Goal of the exercise »
Please restate exactly the lines from the one holding "しながわ水族館に投稿された画像（2026/6/20）" to the end of the material, including both ends and excluding every picture.

Supplied information »

^^^^^^^^^^^^^^^^

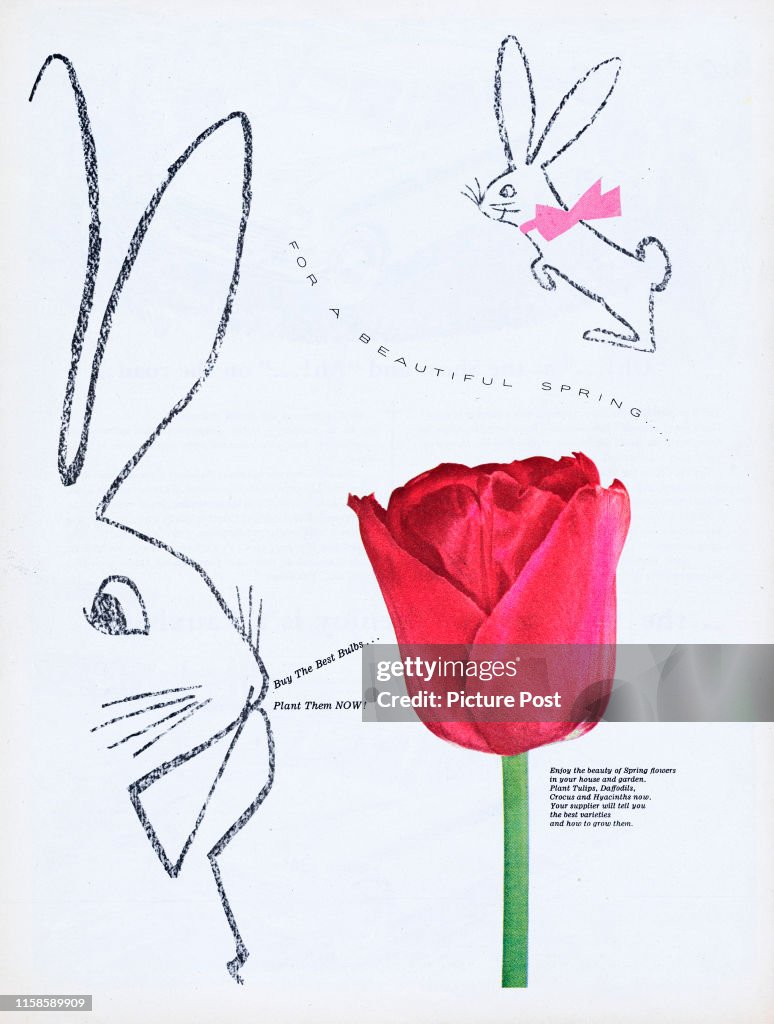 For A Beautiful Spring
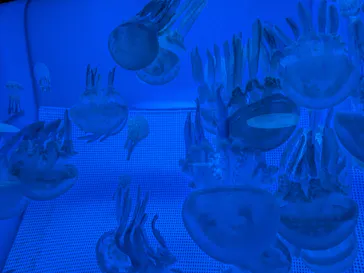 しながわ水族館に投稿された画像（2026/6/20）
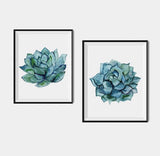 Succulent Flower Wall Art, Set of 2 Printed Wall Arts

^^^^^^^^^^^^^^^^

Finished exercise »
 しながわ水族館に投稿された画像（2026/6/20）
 Succulent Flower Wall Art, Set of 2 Printed Wall Arts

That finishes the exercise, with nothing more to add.